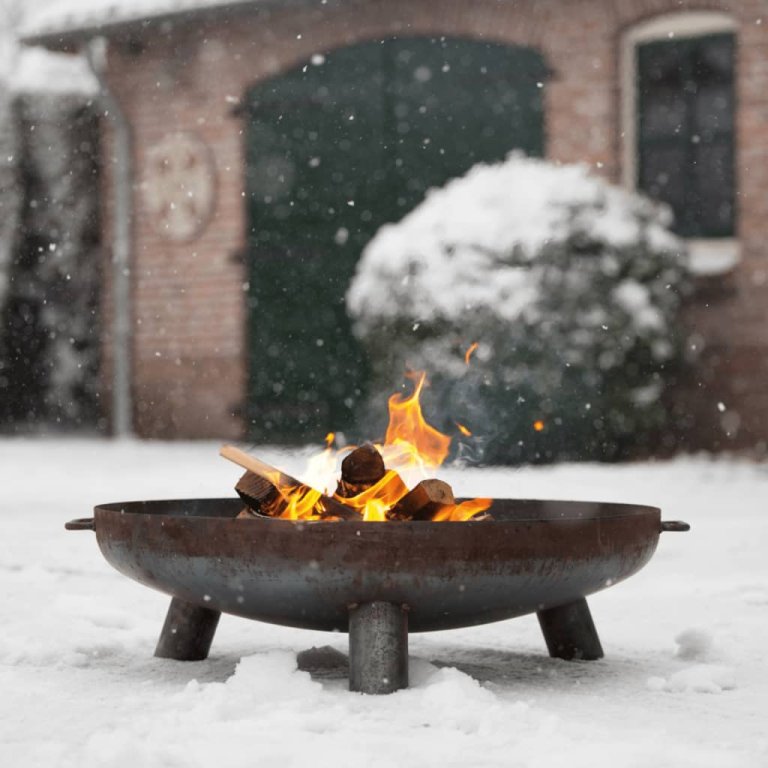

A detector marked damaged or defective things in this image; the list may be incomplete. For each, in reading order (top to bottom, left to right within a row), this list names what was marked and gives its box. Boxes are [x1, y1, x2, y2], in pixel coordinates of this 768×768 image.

rusty metal fire bowl [67, 498, 688, 696]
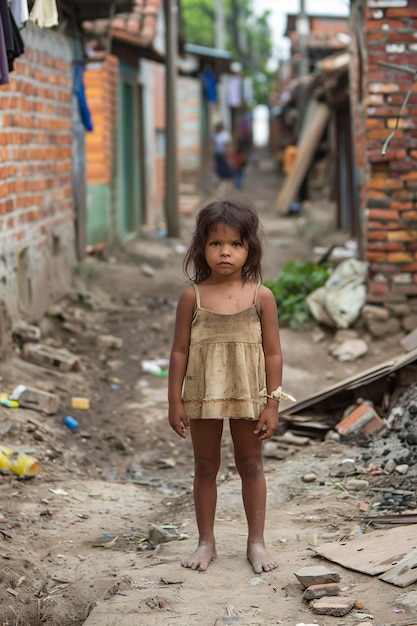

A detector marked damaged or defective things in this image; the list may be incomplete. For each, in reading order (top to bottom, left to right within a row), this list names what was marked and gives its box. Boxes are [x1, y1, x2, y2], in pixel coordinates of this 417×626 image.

broken concrete block [334, 402, 384, 436]
rusty metal sheet [312, 520, 416, 576]
broken concrete block [294, 564, 340, 588]
broken concrete block [302, 580, 338, 600]
broken concrete block [308, 596, 354, 616]
rusty metal sheet [378, 552, 416, 584]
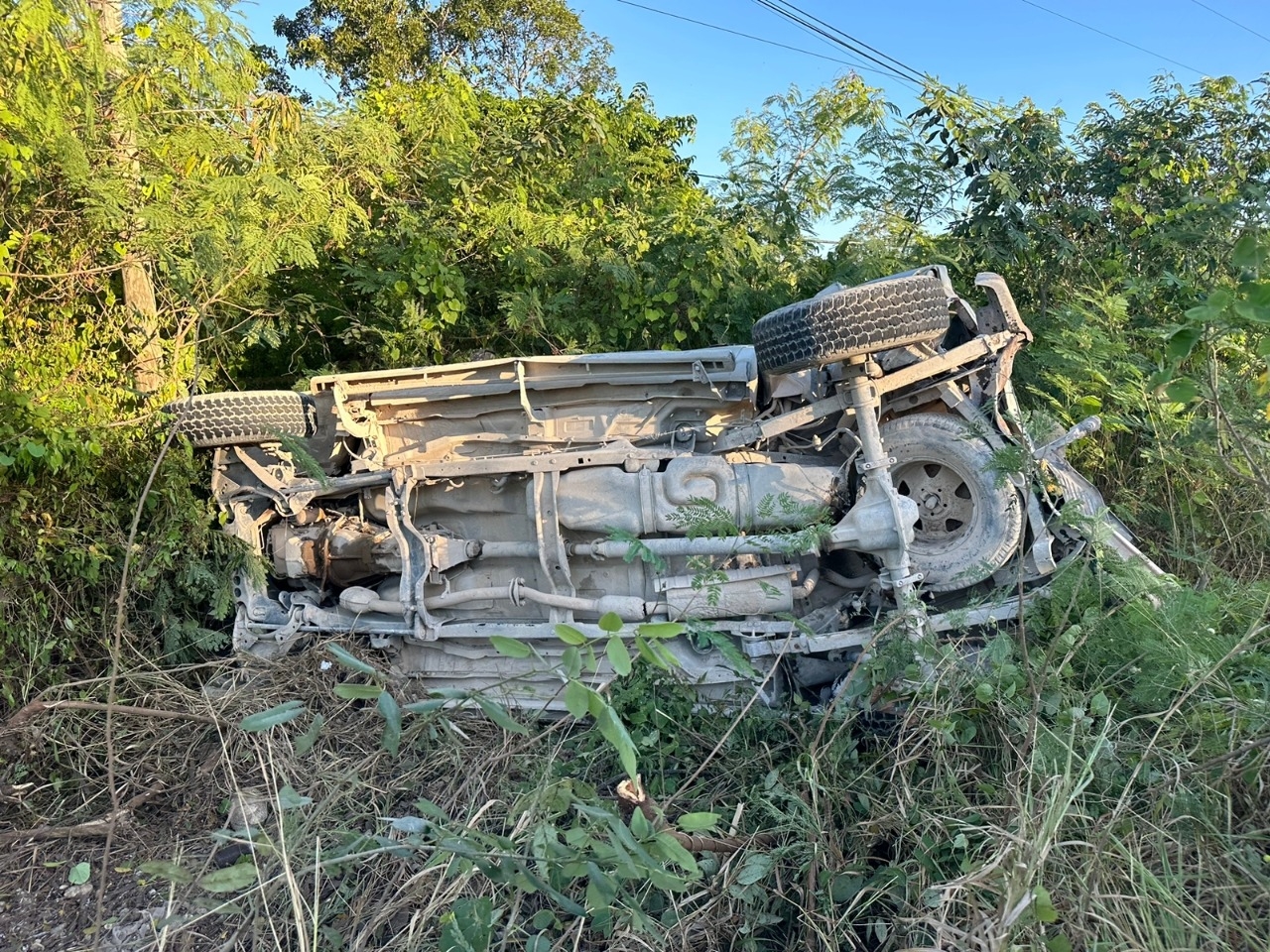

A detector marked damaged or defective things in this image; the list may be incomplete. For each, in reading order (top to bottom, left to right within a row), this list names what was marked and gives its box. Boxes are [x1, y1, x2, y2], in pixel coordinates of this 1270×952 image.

====

Print the listing word for word but skip its pictures.

Task solution:
A detector marked damaged or defective things in this image; the list may be incomplete. For each, in reading order (top to bottom, left to right within a row), this list names what was marked and gives its box. Boxes are [x1, y1, x2, y2], in pixel coordinates of this 768×768 image.

rusty metal fire bowl [67, 498, 688, 696]

A detector marked damaged or defective things in this image; the list may be incomplete. For each, in reading order (top to bottom, left to right within a row), this list names what was marked and gives its box. Boxes are [x1, y1, x2, y2], in pixel coordinates of this 417×626 image.

broken concrete block [334, 402, 384, 436]
rusty metal sheet [312, 520, 416, 576]
broken concrete block [294, 564, 340, 588]
broken concrete block [302, 580, 338, 600]
broken concrete block [308, 596, 354, 616]
rusty metal sheet [378, 552, 416, 584]

A detector marked damaged or defective things in this image; the list may be incomplete. For each, in reading order (top to bottom, left to right within a row), this list names what was marked and gives its box. Boxes are [x1, y1, x2, y2], in pixel coordinates of this 1270×952 image.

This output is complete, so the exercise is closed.